What the exercise asks
Below are some records. Print exactly the lines between the one holding "Dienblad - Paard" and the one holding "Handtuchheizkörper elektrisch Mittelanschluss", inclusive, and nothing else.

Source material
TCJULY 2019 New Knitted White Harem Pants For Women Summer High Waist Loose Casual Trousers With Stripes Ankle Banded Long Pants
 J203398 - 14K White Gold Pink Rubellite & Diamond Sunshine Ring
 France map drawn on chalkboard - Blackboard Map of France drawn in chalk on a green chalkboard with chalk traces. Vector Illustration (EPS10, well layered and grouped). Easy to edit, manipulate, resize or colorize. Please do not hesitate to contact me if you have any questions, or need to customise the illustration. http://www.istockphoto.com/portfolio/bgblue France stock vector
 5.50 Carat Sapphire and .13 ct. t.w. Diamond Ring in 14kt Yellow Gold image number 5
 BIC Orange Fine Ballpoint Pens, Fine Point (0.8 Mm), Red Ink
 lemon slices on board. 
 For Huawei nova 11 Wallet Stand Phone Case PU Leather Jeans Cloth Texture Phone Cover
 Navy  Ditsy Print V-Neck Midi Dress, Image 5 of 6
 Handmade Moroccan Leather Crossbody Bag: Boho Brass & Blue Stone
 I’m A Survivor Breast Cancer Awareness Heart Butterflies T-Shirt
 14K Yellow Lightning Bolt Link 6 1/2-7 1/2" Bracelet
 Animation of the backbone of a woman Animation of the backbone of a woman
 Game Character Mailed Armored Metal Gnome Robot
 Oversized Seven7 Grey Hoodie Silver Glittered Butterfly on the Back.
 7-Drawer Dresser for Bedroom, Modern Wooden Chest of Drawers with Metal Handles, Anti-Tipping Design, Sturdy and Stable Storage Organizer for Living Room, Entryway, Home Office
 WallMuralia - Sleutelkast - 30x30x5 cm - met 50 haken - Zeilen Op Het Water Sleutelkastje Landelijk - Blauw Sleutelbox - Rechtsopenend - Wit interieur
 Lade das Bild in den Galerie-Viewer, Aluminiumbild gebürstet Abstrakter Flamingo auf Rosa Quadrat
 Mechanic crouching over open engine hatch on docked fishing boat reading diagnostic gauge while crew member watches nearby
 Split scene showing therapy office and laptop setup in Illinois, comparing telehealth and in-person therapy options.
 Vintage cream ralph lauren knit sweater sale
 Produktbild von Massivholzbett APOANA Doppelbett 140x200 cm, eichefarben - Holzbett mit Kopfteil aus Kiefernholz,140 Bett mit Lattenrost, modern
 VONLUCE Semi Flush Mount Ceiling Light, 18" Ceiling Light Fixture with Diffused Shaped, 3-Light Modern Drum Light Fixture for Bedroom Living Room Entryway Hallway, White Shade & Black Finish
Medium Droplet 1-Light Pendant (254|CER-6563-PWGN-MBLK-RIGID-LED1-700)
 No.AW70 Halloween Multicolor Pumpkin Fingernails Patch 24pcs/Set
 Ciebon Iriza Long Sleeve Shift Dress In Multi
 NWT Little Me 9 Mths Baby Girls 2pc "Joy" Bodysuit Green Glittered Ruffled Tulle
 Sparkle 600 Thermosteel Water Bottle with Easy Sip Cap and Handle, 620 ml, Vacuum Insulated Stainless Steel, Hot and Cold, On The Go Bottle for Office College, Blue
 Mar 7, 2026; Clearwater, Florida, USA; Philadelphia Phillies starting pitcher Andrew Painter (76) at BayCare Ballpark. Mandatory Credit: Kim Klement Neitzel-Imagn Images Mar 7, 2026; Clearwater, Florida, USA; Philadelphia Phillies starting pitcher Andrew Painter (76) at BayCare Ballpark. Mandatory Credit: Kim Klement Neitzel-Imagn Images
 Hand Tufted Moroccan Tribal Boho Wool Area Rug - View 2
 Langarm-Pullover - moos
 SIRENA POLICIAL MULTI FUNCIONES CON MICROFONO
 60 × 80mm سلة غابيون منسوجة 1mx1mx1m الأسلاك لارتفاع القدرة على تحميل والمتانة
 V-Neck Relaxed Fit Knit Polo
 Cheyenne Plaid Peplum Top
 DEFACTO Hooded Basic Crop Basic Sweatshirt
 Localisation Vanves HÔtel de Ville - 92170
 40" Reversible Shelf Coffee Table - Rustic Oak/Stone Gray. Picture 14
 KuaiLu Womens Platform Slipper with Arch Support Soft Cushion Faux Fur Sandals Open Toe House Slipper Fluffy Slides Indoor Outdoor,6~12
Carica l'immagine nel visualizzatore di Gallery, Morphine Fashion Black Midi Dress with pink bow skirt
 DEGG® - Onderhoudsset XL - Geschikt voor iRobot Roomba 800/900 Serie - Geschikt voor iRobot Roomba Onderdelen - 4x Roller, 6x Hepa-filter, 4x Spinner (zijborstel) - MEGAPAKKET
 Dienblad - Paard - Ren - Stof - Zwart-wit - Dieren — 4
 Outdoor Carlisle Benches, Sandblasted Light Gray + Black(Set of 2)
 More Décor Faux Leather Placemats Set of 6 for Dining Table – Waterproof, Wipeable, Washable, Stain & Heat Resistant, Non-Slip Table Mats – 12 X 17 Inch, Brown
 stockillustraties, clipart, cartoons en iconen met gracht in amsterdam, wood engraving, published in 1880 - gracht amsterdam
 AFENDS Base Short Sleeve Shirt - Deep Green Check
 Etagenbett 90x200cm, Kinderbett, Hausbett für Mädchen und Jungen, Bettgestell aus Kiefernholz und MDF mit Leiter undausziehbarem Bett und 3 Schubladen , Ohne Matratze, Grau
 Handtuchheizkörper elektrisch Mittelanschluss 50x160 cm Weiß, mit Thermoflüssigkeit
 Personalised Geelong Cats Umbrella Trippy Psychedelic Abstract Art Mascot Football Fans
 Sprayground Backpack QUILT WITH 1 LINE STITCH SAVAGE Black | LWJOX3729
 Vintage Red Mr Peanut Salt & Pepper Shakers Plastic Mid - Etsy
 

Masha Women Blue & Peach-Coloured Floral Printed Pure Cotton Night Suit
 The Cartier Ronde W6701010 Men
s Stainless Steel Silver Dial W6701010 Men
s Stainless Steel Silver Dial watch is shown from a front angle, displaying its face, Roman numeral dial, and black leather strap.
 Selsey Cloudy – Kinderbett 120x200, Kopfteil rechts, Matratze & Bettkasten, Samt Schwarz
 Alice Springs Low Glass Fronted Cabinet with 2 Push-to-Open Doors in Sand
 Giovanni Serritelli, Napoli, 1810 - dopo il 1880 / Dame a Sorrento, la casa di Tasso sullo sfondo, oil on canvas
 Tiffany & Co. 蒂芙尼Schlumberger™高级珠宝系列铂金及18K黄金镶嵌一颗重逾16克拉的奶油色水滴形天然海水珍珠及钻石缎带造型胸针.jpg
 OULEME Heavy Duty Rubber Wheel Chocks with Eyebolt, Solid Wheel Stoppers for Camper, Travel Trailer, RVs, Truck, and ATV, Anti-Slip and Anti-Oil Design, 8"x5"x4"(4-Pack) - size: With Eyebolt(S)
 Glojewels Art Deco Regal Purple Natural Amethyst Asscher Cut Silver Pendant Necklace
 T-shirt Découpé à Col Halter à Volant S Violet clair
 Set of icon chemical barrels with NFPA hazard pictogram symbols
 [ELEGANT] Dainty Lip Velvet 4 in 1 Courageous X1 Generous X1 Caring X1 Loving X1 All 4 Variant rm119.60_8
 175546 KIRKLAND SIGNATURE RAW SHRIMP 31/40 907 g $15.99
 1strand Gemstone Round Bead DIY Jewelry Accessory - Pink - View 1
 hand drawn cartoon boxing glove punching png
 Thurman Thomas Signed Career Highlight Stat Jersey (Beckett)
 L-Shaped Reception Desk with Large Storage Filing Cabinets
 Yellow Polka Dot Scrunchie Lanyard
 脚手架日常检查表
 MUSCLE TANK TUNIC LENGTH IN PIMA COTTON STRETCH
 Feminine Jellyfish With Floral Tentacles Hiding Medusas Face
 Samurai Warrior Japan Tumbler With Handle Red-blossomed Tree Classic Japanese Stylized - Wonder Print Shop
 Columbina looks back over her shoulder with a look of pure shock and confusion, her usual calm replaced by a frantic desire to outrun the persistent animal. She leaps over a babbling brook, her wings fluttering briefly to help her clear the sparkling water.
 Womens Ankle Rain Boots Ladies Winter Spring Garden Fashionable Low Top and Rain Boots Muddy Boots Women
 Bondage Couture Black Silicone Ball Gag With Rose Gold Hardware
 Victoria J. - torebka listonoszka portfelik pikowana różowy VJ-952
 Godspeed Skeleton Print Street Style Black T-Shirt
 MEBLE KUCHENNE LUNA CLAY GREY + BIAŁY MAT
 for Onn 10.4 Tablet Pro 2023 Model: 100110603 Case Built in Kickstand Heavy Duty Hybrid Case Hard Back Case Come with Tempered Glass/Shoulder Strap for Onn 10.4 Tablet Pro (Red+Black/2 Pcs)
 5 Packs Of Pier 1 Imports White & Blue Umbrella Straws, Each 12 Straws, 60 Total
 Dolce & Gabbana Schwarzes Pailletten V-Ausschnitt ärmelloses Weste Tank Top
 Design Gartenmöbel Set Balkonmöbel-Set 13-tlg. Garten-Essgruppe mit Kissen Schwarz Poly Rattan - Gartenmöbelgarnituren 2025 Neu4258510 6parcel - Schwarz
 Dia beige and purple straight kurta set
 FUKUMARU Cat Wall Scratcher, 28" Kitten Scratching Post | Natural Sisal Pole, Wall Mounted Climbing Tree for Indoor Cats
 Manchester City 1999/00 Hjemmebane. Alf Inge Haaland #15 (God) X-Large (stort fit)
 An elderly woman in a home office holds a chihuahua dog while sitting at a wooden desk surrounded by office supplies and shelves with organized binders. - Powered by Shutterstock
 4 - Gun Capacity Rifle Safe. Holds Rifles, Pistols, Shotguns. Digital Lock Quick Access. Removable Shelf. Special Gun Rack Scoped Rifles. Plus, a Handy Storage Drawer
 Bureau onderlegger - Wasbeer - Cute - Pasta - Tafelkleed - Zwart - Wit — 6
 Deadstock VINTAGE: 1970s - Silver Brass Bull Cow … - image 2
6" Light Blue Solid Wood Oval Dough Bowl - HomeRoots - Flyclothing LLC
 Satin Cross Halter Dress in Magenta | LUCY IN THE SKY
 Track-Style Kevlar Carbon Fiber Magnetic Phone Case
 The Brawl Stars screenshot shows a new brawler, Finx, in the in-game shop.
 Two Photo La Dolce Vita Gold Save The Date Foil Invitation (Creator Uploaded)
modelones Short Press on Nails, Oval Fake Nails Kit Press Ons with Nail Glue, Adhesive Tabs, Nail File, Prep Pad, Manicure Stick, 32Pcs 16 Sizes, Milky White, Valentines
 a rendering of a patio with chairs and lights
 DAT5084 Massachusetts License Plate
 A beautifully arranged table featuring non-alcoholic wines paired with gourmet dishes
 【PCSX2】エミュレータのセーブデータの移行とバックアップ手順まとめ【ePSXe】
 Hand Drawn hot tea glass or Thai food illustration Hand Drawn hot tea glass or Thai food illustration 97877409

Expected output
 Dienblad - Paard - Ren - Stof - Zwart-wit - Dieren — 4
 Outdoor Carlisle Benches, Sandblasted Light Gray + Black(Set of 2)
 More Décor Faux Leather Placemats Set of 6 for Dining Table – Waterproof, Wipeable, Washable, Stain & Heat Resistant, Non-Slip Table Mats – 12 X 17 Inch, Brown
 stockillustraties, clipart, cartoons en iconen met gracht in amsterdam, wood engraving, published in 1880 - gracht amsterdam
 AFENDS Base Short Sleeve Shirt - Deep Green Check
 Etagenbett 90x200cm, Kinderbett, Hausbett für Mädchen und Jungen, Bettgestell aus Kiefernholz und MDF mit Leiter undausziehbarem Bett und 3 Schubladen , Ohne Matratze, Grau
 Handtuchheizkörper elektrisch Mittelanschluss 50x160 cm Weiß, mit Thermoflüssigkeit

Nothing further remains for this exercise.